Top of SUPPLIED RECORDS
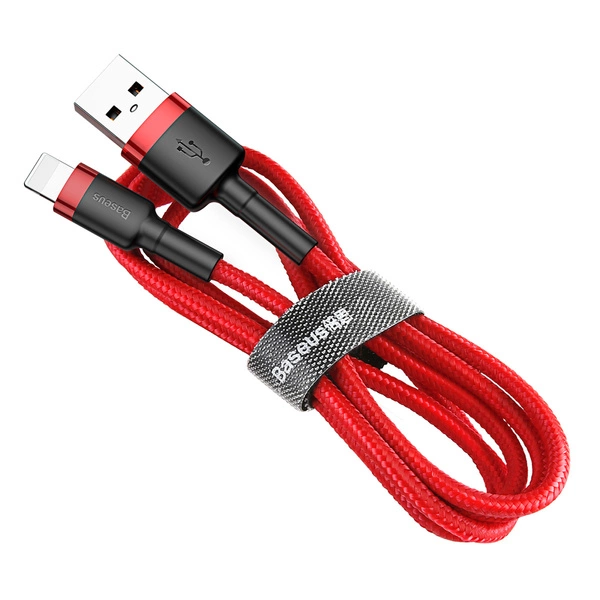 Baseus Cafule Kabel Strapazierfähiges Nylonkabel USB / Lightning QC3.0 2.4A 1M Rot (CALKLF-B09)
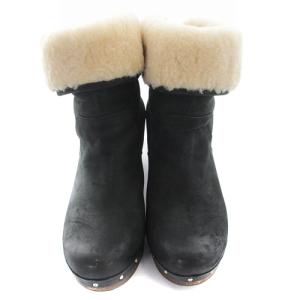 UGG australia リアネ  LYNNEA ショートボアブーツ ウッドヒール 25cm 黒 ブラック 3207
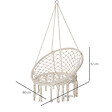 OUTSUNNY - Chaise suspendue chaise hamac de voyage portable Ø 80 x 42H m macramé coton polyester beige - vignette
Bottom of SUPPLIED RECORDS
Top of SUPPLIED RECORDS
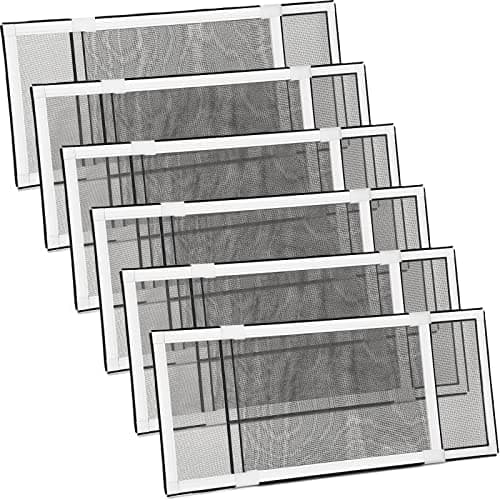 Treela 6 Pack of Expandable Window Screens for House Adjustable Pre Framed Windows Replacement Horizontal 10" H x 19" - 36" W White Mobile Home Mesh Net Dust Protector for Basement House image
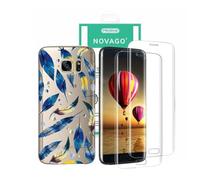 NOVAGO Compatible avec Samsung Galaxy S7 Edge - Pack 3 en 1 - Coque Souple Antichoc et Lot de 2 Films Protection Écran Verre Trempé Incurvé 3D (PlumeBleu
Bottom of SUPPLIED RECORDS
Top of SUPPLIED RECORDS
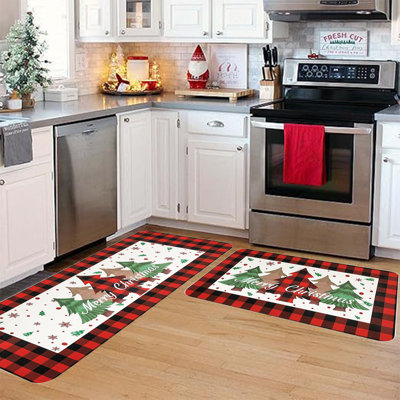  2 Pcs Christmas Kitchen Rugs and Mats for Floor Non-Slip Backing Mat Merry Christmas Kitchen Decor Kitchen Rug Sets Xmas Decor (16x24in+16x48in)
Bottom of SUPPLIED RECORDS
TASK BRIEF –
Would you set down only the lines above from the line with "Baseus Cafule Kabel" to the line with "OUTSUNNY - Chaise", both included, exactly as they stand and without the pictures?

WORKED SOLUTION –
 Baseus Cafule Kabel Strapazierfähiges Nylonkabel USB / Lightning QC3.0 2.4A 1M Rot (CALKLF-B09)
 UGG australia リアネ  LYNNEA ショートボアブーツ ウッドヒール 25cm 黒 ブラック 3207
 OUTSUNNY - Chaise suspendue chaise hamac de voyage portable Ø 80 x 42H m macramé coton polyester beige - vignette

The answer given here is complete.